1099 vs. W-2: What Small-Business Owners Should Sort Out Before Year-End
Every January, the same fire drill plays out in small businesses across the country: who got paid, how much, and do we owe them a form? Almost all of that stress is avoidable if you understand the difference between a 1099 contractor and a W-2 employee — and keep the right records as you go.
Here's the practical version.
The core difference
The distinction comes down to who controls the work.
- A W-2 employee works under your direction: you set their hours, provide their tools, and tell them how the job gets done. You withhold taxes from their pay and your business covers part of their payroll taxes.
- A 1099 contractor runs their own show: they decide how to deliver the result, use their own tools, and often work for other clients too. You pay them the full amount and they handle their own taxes.
The labels matter because the IRS cares a great deal about which one a worker actually is — not what you called them.
Why misclassifying is expensive
Treating someone who is really an employee as a "contractor" is one of the more costly mistakes a small business can make. If it's challenged, you can be on the hook for the payroll taxes you should have withheld, plus penalties and interest.
The reverse — running a true contractor through payroll — is less dangerous but still means paying taxes you didn't owe and tangling up your books.
The fix isn't to guess. It's to be honest about the working relationship and, when it's genuinely unclear, to ask a CPA before the year closes rather than after.
The form, in one paragraph
If you pay a contractor (an individual or an unincorporated business) $600 or more during the year for services, you generally need to issue them a 1099-NEC and file a copy with the IRS — typically by the end of January.
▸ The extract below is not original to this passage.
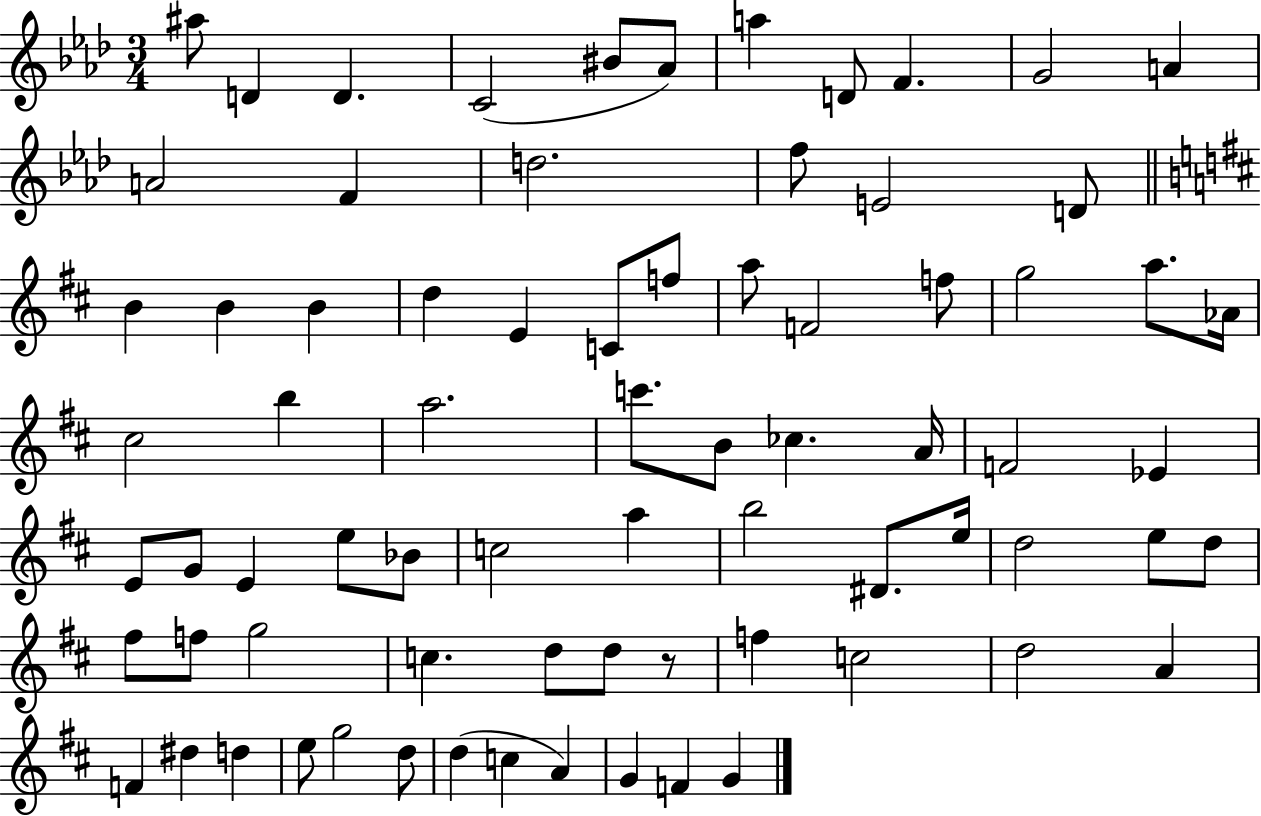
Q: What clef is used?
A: treble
Payments to most corporations are usually exempt, and payments made through cards or third-party processors are reported separately, so they're not double-counted on your 1099s.
That $600 threshold is exactly why year-round tracking beats a year-end scramble.
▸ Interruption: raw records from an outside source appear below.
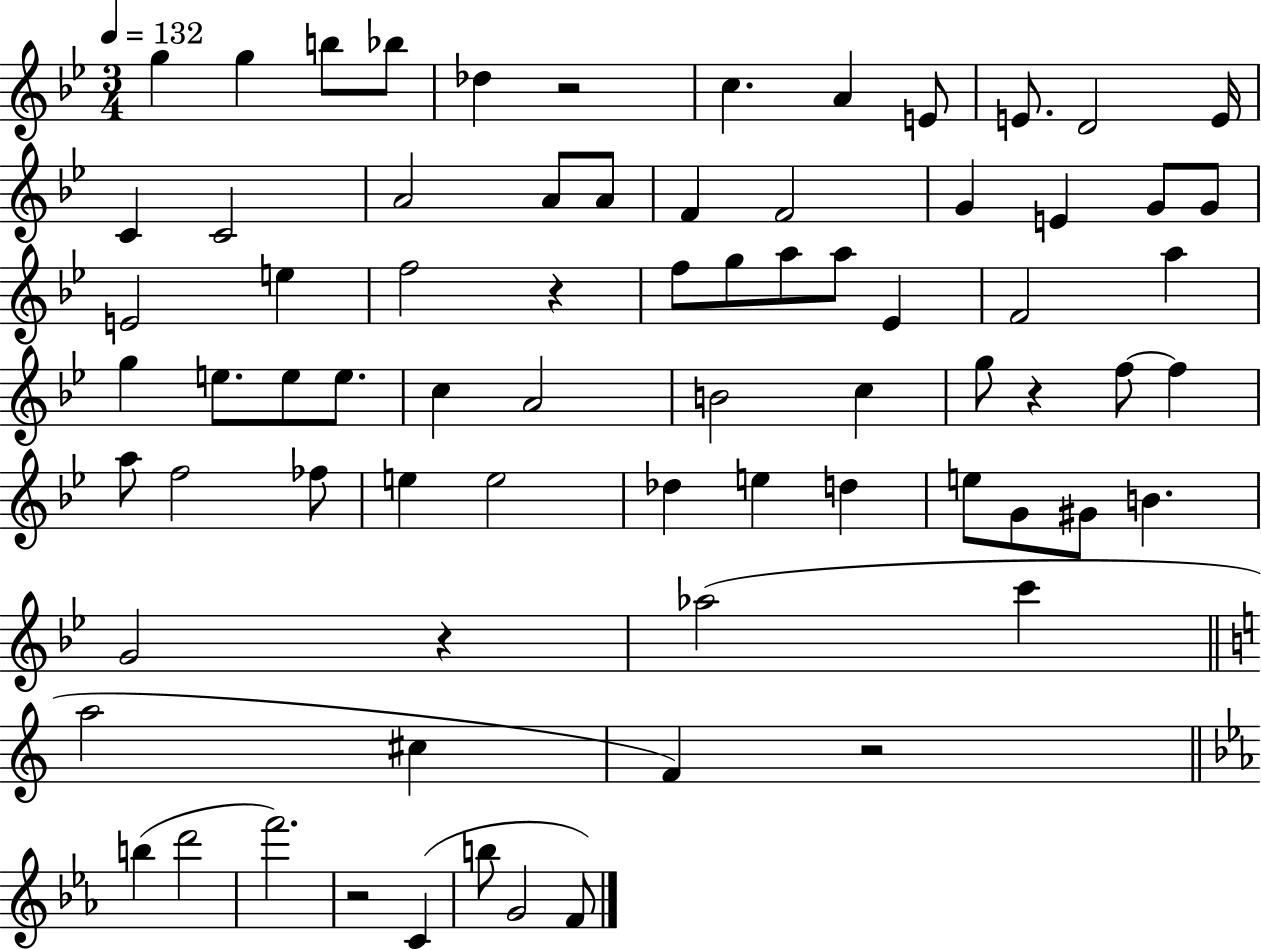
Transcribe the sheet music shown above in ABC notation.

X:1
T:Untitled
M:3/4
L:1/4
K:Bb
g g b/2 _b/2 _d z2 c A E/2 E/2 D2 E/4 C C2 A2 A/2 A/2 F F2 G E G/2 G/2 E2 e f2 z f/2 g/2 a/2 a/2 _E F2 a g e/2 e/2 e/2 c A2 B2 c g/2 z f/2 f a/2 f2 _f/2 e e2 _d e d e/2 G/2 ^G/2 B G2 z _a2 c' a2 ^c F z2 b d'2 f'2 z2 C b/2 G2 F/2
The records that make January painless
You don't need a 1099 every time you write a check. You need three things on file before the year ends:
- A W-9 for every contractor, collected before you pay them the first time. It has their legal name, address, and taxpayer ID — everything the form requires. Chasing a W-9 in January from someone you paid in March is the classic avoidable headache.
- A running total of what you paid each person, separated from payments to vendors and corporations. This is where clean, categorized books pay off: you can see at a glance who crossed $600.
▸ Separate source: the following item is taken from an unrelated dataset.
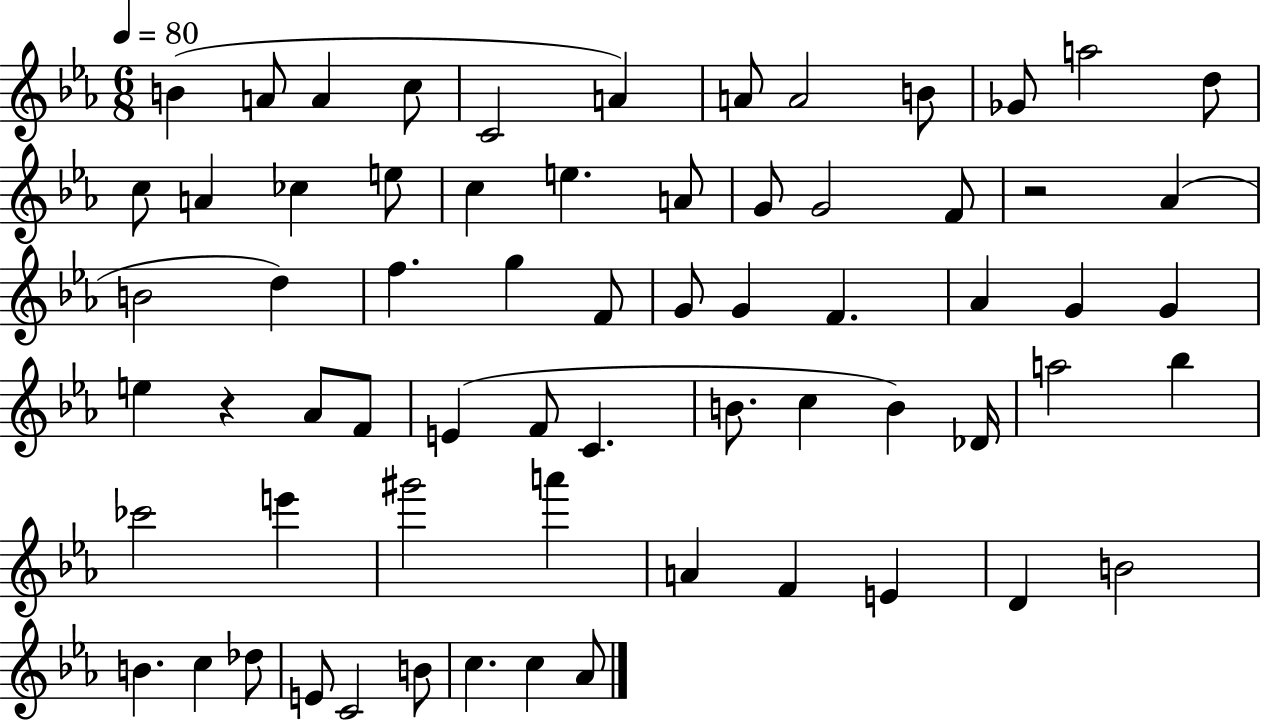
B4/q A4/e A4/q C5/e C4/h A4/q A4/e A4/h B4/e Gb4/e A5/h D5/e C5/e A4/q CES5/q E5/e C5/q E5/q. A4/e G4/e G4/h F4/e R/h Ab4/q B4/h D5/q F5/q. G5/q F4/e G4/e G4/q F4/q. Ab4/q G4/q G4/q E5/q R/q Ab4/e F4/e E4/q F4/e C4/q. B4/e. C5/q B4/q Db4/s A5/h Bb5/q CES6/h E6/q G#6/h A6/q A4/q F4/q E4/q D4/q B4/h B4/q. C5/q Db5/e E4/e C4/h B4/e C5/q. C5/q Ab4/e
- The payment method, so card and processor payments don't get reported twice.
If your bookkeeping already tags "payments to people" as their own category and reconciles every month, your 1099 list is essentially built by December 31 — not assembled in a panic.
A simple year-round habit
Make the W-9 a condition of the first payment, keep contractor payments in their own bucket in your books, and review the list once a quarter. That's it. When January arrives, issuing 1099s becomes a confirmation step instead of an investigation.
This is one of the things TwoDayBooks handles as part of keeping your books clean: every month we categorize and reconcile your transactions and maintain 1099 tracking, so the people who need a form are already flagged — no year-end archaeology required.
Classification is a judgment call worth getting right, and the forms follow the records. Keep the records clean all year, and the forms take care of themselves.